Exhibitors exempted from licenses
The Spokane City Council spent its first meeting night of 2005 finishing up on some controversy left over from 2004.
The council voted 5-1 in favor of an ordinance that exempts exhibitors at arts and crafts shows, trade shows and consumer shows from having to pay for city business licenses.
Councilwoman Cherie Rodgers voted against the ordinance because she said she preferred an earlier proposal to charge vendors $5 a day in lieu of city business licenses.
The controversy began in 2003 when city licensing staff started showing up at some of the area’s largest holiday craft shows seeking to enforce the city’s business license requirement. Licenses are $60 for a full year, or $35 for a 90-day permit.
An outcry led to an effort to find a compromise. Last summer, the council considered charging a $5 daily fee instead, but organizers of shows were against that.
Don Walsdorf, organizer of the annual Spokane Western and Wildlife Art Show, told the council Monday that charging artists and exhibitors for business licenses would discourage shows and exhibitors from coming to Spokane.
He said the ordinance approved on Monday “is certainly a step in the right direction, from my perspective.”
Councilman Bob Apple said other communities do not charge business license fees to exhibitors, so the city should not, either.
Council President Dennis Hession said collecting license fees from exhibitors allows the city to apply its license requirement more fairly. He said business owners in the city are required to pay for annual licenses, but not all exhibitors at shows have them. That creates an inequity, said Hession.
Hession supported the ordinance anyway, saying the little money the city would earn is not worth the negative publicity. The city estimates that exhibitor licenses would bring in about $40,000 a year.
Hession said Monday’s ordinance, creating the exemption for exhibitors, was supported by Mayor Jim West. The city had talked about requiring show organizers and promoters to submit lists with names of exhibitors, plus other identifying information. That idea was abandoned.
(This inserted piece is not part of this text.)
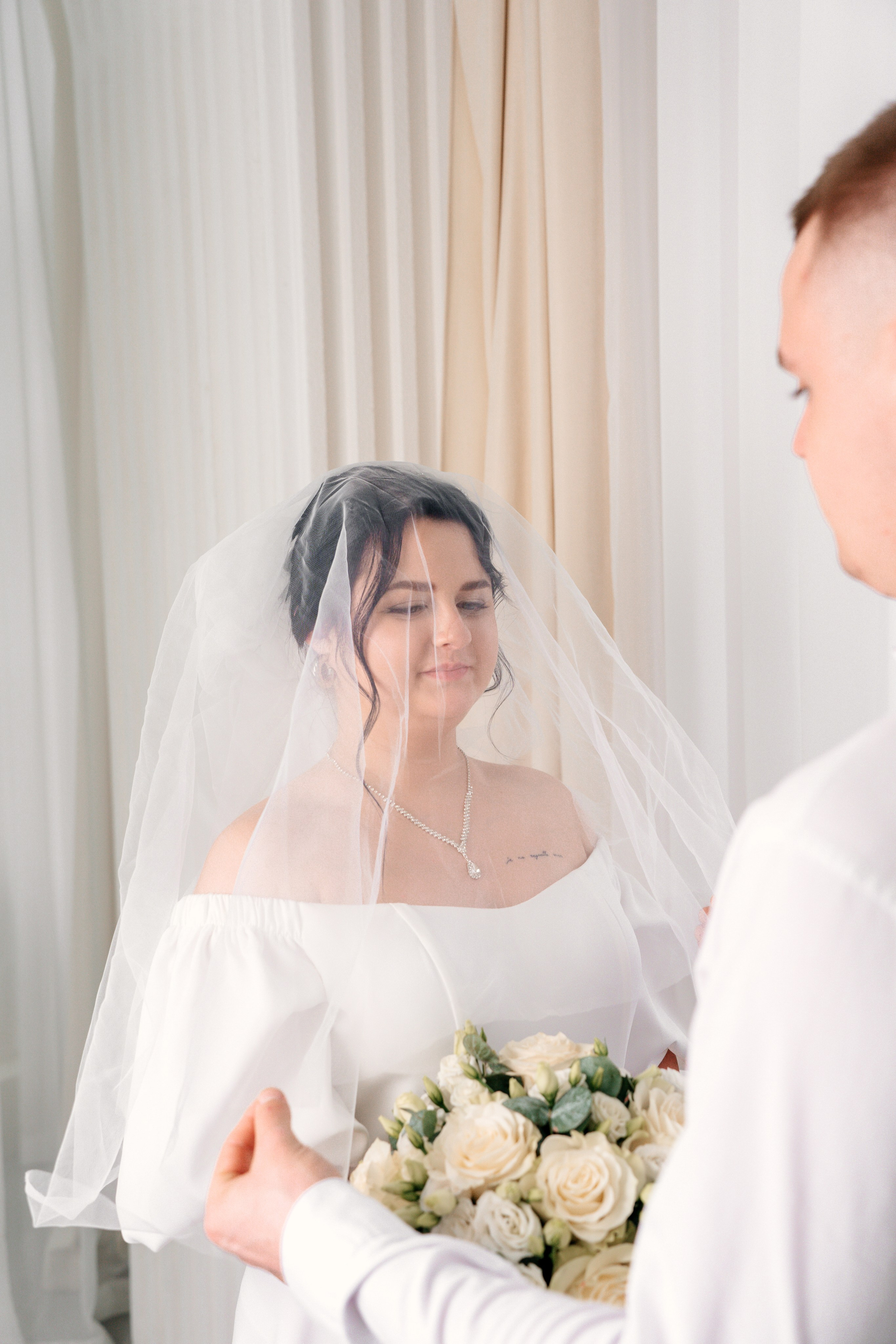 Студийная свадебная история любви. Ваш семейный фотограф в Минске — Вика Трегубова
In other business, the council learned that a former city councilman has sued the city seeking to invalidate a council-approved settlement in the River Park Square parking garage dispute.
Steve Eugster filed his lawsuit in Spokane County Superior Court on Monday, seeking a declaratory judgment against the settlement. He contends that state law does not allow the city to transfer the parking garage to the mall owner while there remains a need for off-street parking downtown.
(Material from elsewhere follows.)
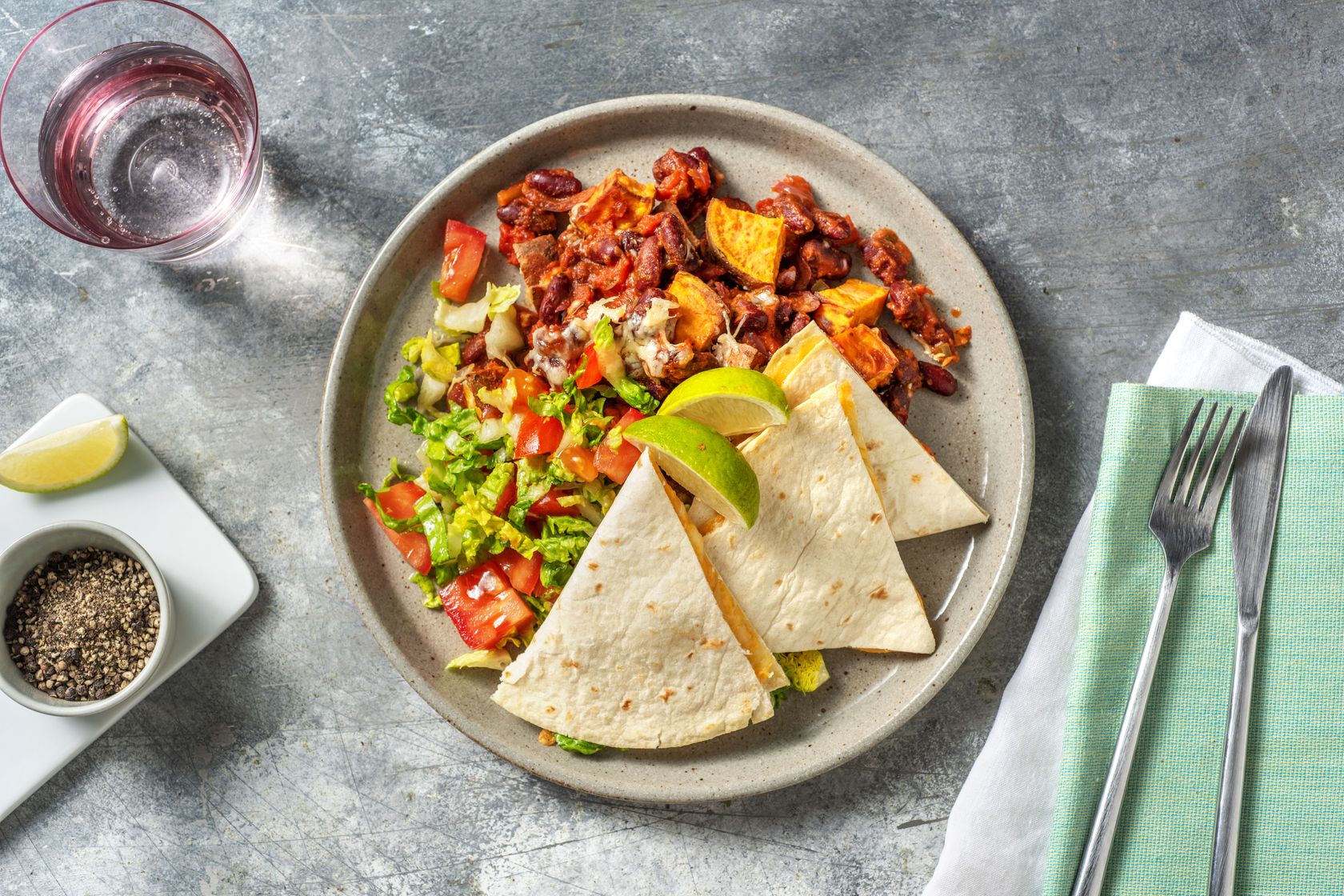 Quesadillas mit scharfem Gemüsechili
The settlement transfers title to the mall garage to the owners River Park Square in exchange for a guarantee by Cowles Publishing Co. to make payments on a separate loan obtained through the city and federal government in 1998 for construction of the mall. The mall is owned by real estate affiliates of Cowles Publishing, which also owns The Spokesman-Review.
A federal judge is expected to review the reasonableness of the settlement during a court hearing in Richland today.
City Attorney Mike Connelly declined to comment on Eugster’s lawsuit. He said he was reviewing it.
Eugster’s complaint also contends the settlement violated state accounting law. He contends the council’s action on the settlement during a special meeting on Dec. 27 violated the state open meetings act. Also, he said the city charter prohibits ordinances involving more than one subject.